*** Opening Data to process ***
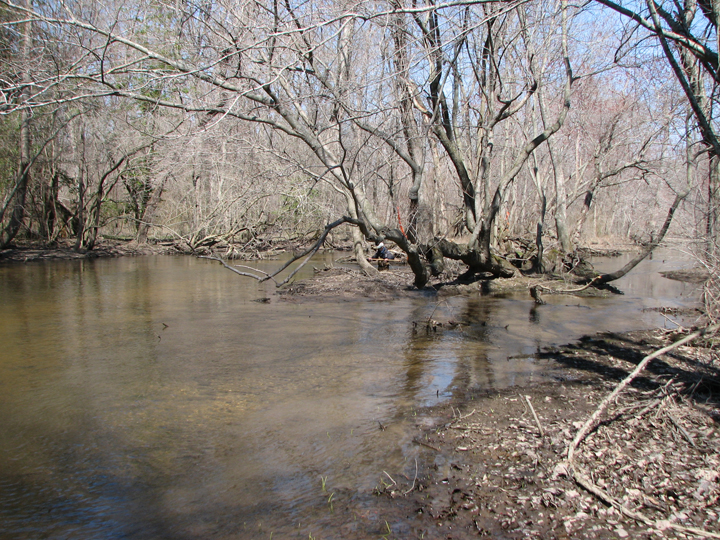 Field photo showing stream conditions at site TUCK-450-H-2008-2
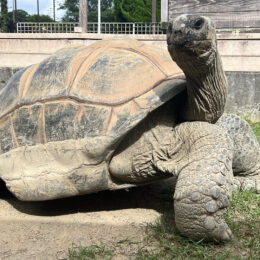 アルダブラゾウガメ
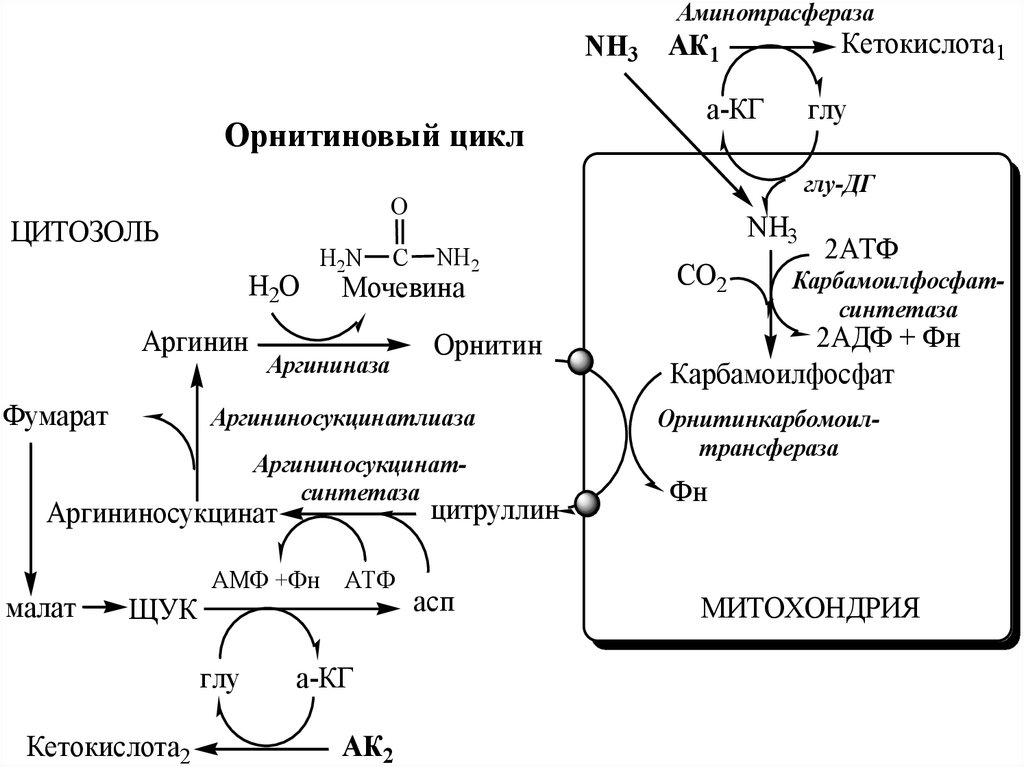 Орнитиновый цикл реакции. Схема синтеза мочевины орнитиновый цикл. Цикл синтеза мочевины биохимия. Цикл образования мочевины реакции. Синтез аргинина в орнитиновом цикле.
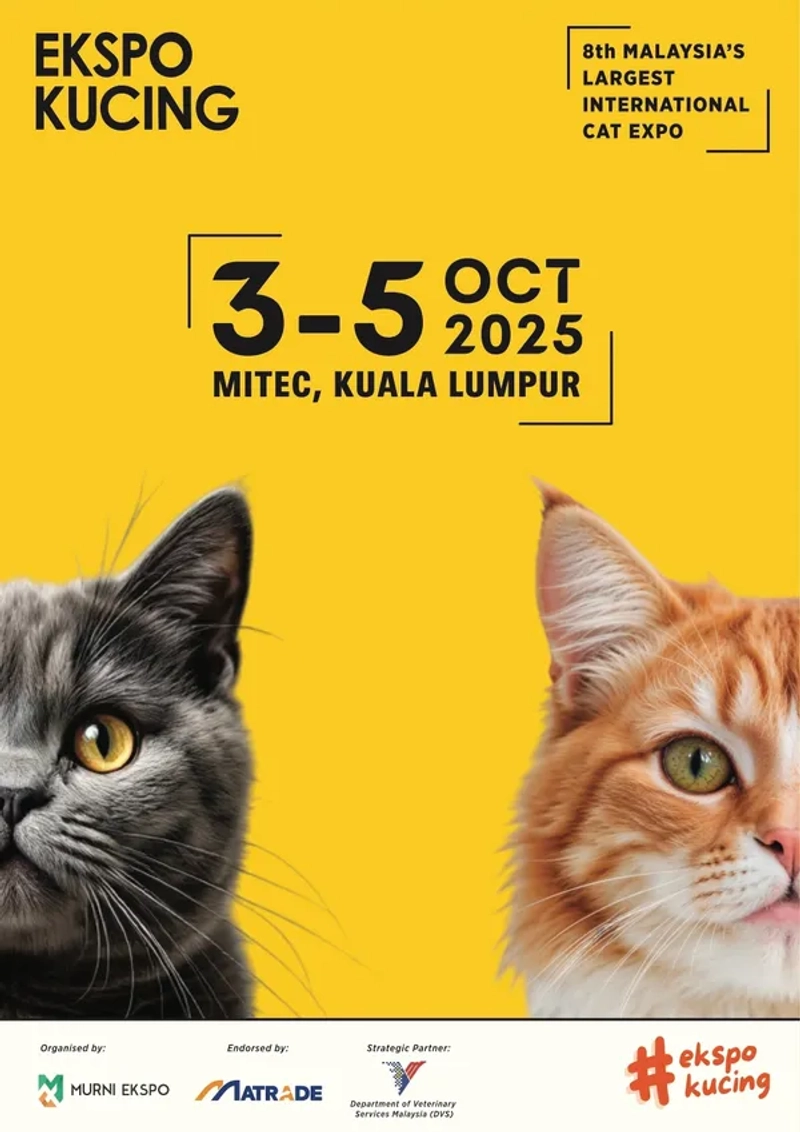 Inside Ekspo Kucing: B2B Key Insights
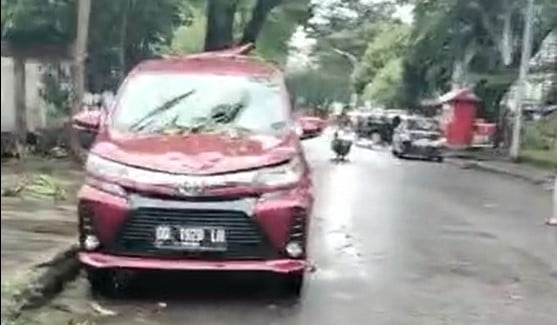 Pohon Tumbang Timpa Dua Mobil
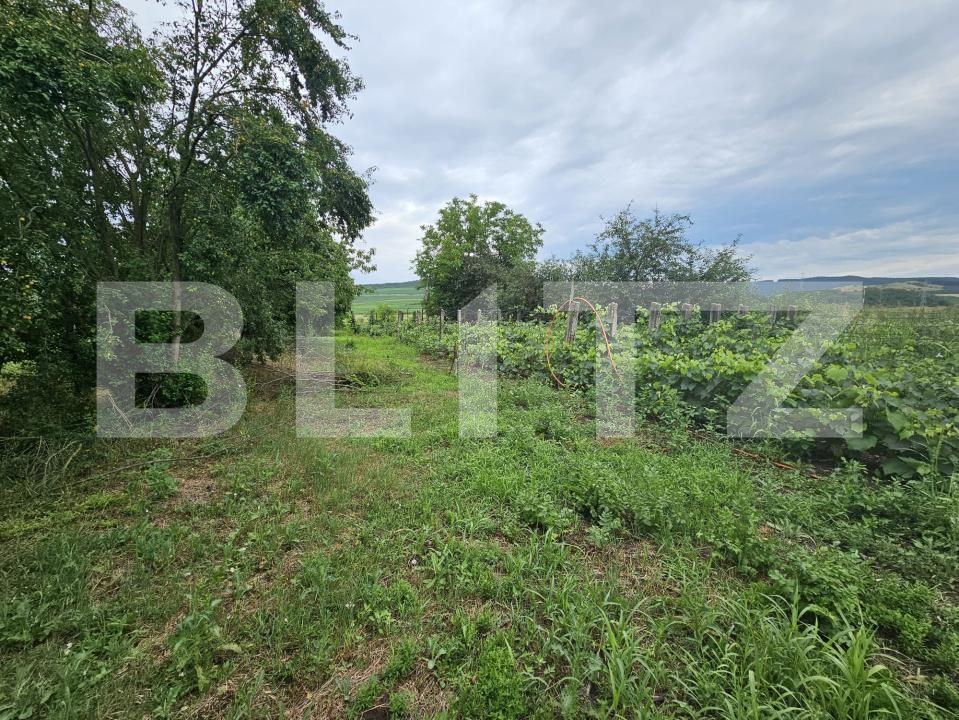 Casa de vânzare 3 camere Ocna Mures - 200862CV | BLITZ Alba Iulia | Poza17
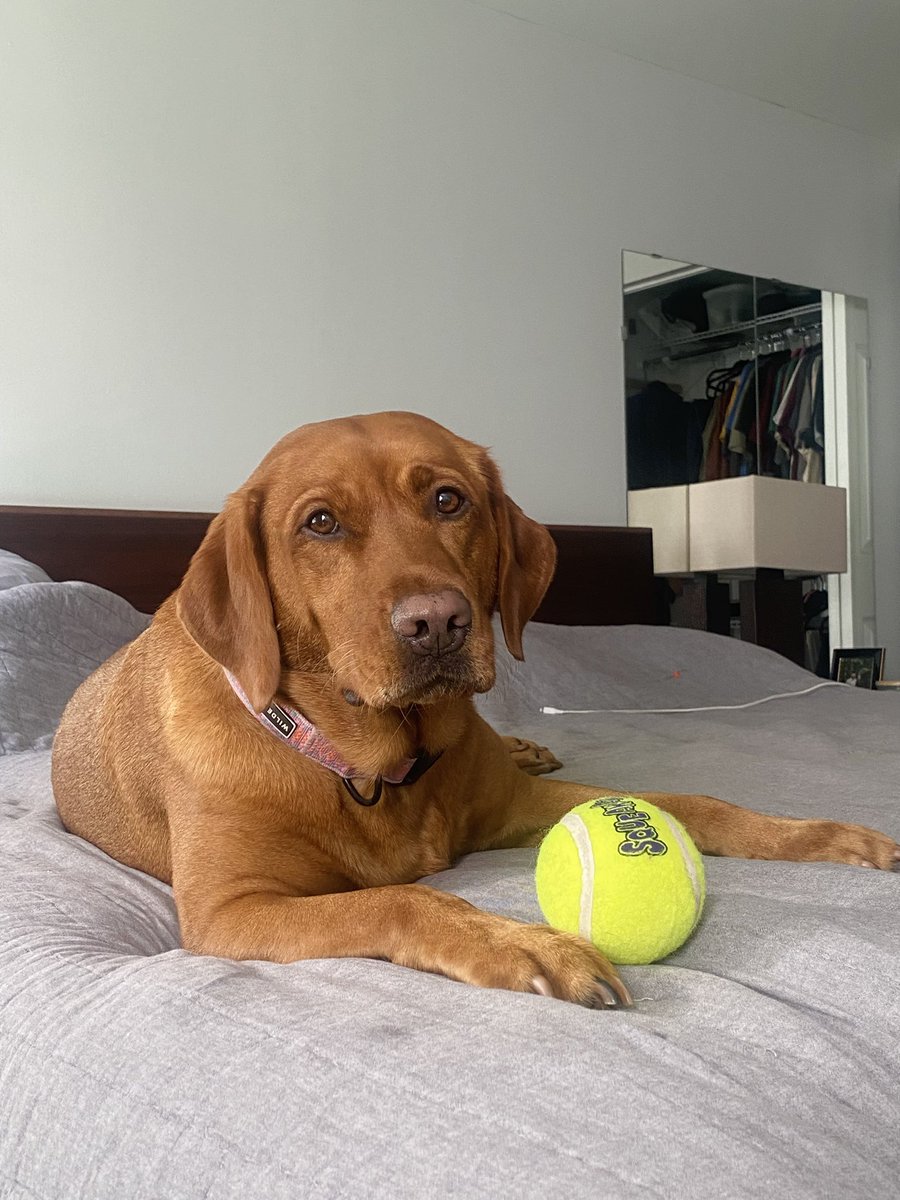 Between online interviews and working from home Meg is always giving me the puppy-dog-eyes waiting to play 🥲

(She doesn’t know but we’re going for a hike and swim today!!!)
*** Closing Data to process ***
*** Opening Data to process ***
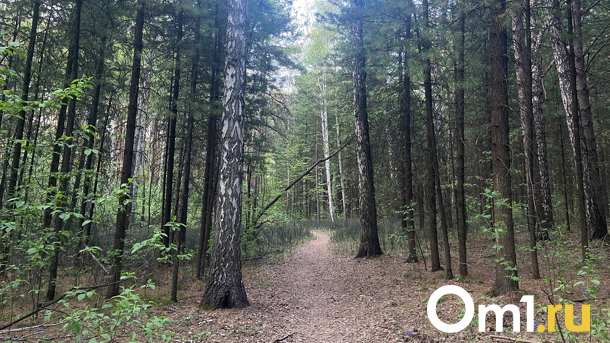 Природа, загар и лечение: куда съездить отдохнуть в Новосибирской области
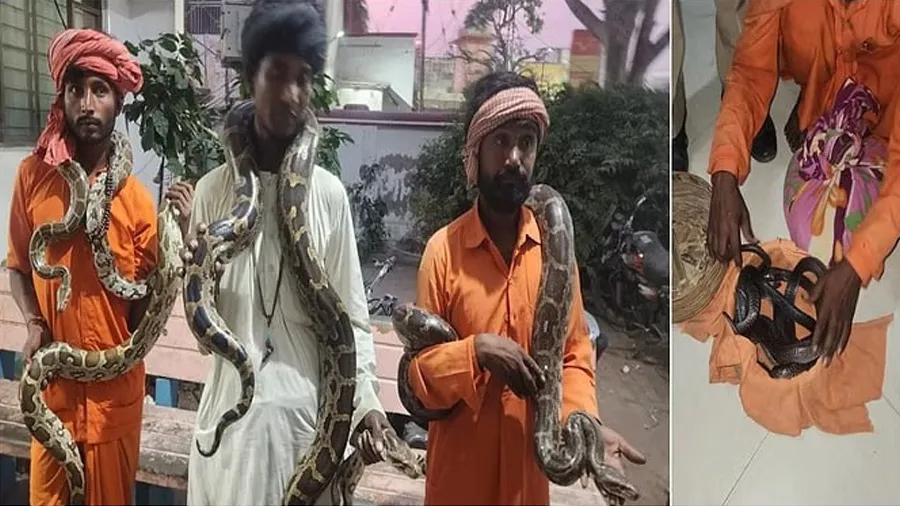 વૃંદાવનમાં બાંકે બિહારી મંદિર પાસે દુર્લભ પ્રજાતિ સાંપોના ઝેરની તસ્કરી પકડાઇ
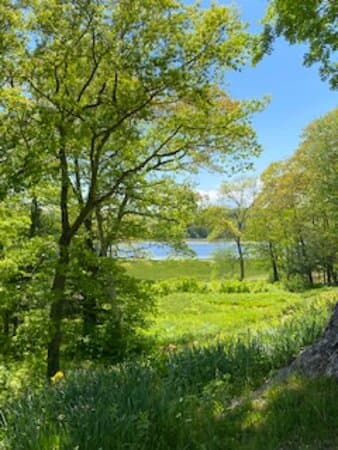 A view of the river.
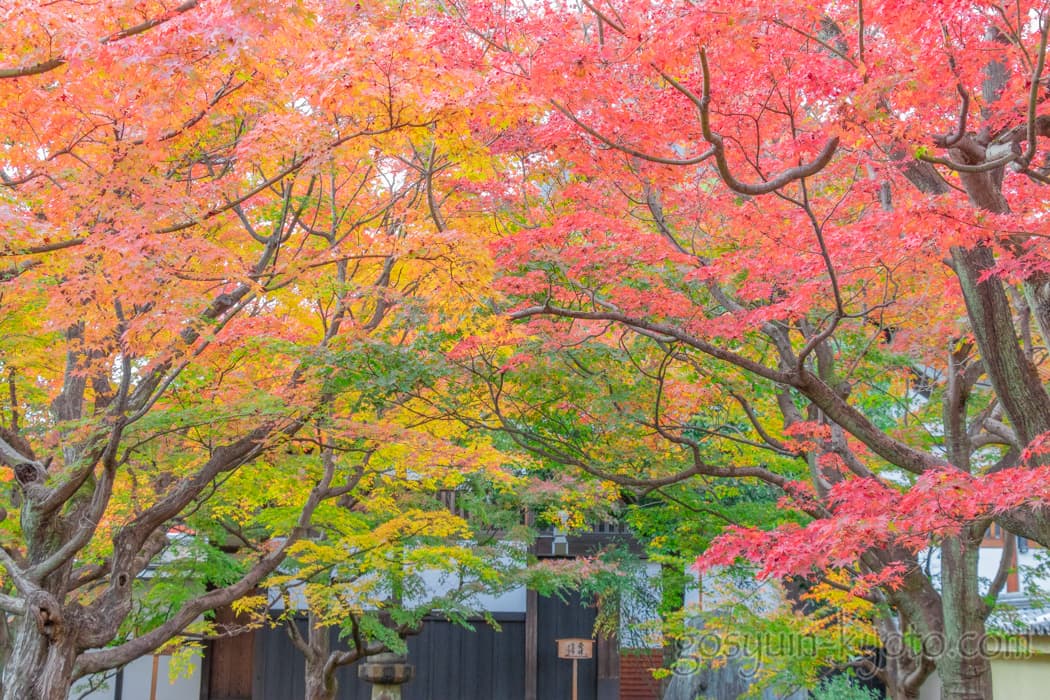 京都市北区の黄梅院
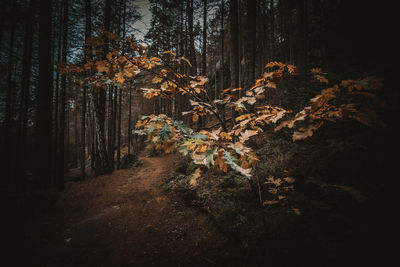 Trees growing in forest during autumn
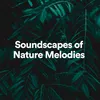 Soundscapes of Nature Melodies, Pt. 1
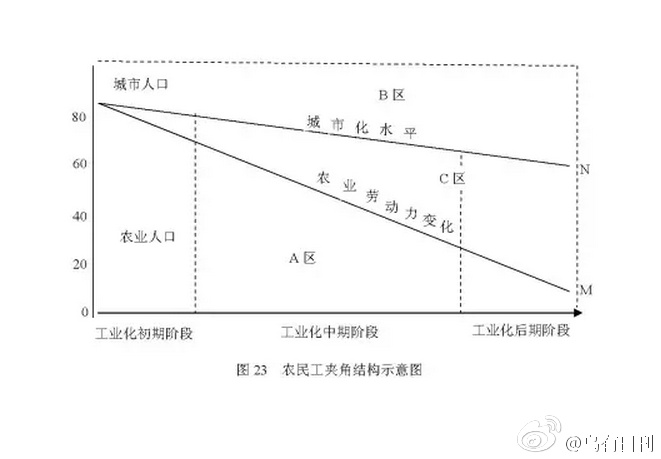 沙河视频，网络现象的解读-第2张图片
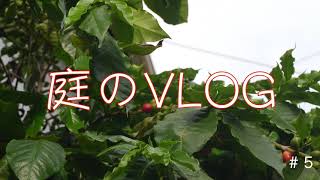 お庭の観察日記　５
*** Closing Data to process ***
*** Opening Data to process ***
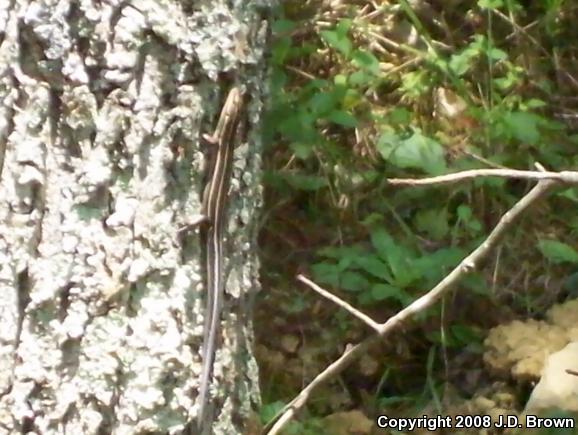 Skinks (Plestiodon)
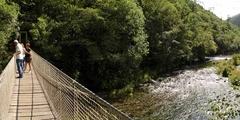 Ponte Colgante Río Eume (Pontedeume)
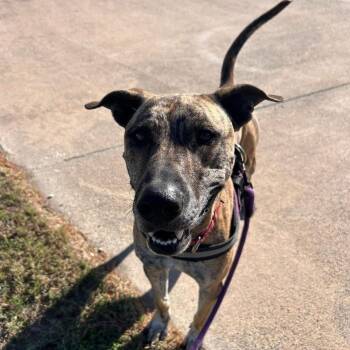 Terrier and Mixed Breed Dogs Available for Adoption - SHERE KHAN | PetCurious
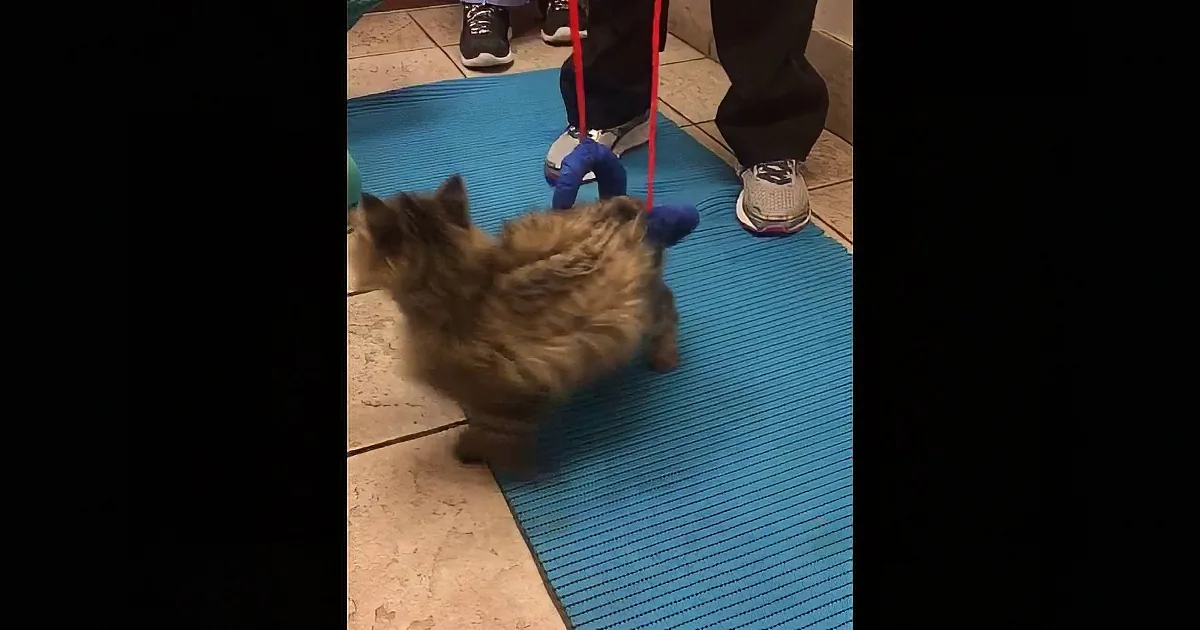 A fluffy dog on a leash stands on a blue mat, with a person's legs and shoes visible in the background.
*** Closing Data to process ***
▸ **Assignment**
What is needed is an exact copy of only the lines above from the one with "Field photo showing" to the one with "Between online interviews", both kept, with every picture left out.

▸ **Exercise solution**
 Field photo showing stream conditions at site TUCK-450-H-2008-2
 アルダブラゾウガメ
 Орнитиновый цикл реакции. Схема синтеза мочевины орнитиновый цикл. Цикл синтеза мочевины биохимия. Цикл образования мочевины реакции. Синтез аргинина в орнитиновом цикле.
 Inside Ekspo Kucing: B2B Key Insights
 Pohon Tumbang Timpa Dua Mobil
 Casa de vânzare 3 camere Ocna Mures - 200862CV | BLITZ Alba Iulia | Poza17
 Between online interviews and working from home Meg is always giving me the puppy-dog-eyes waiting to play 🥲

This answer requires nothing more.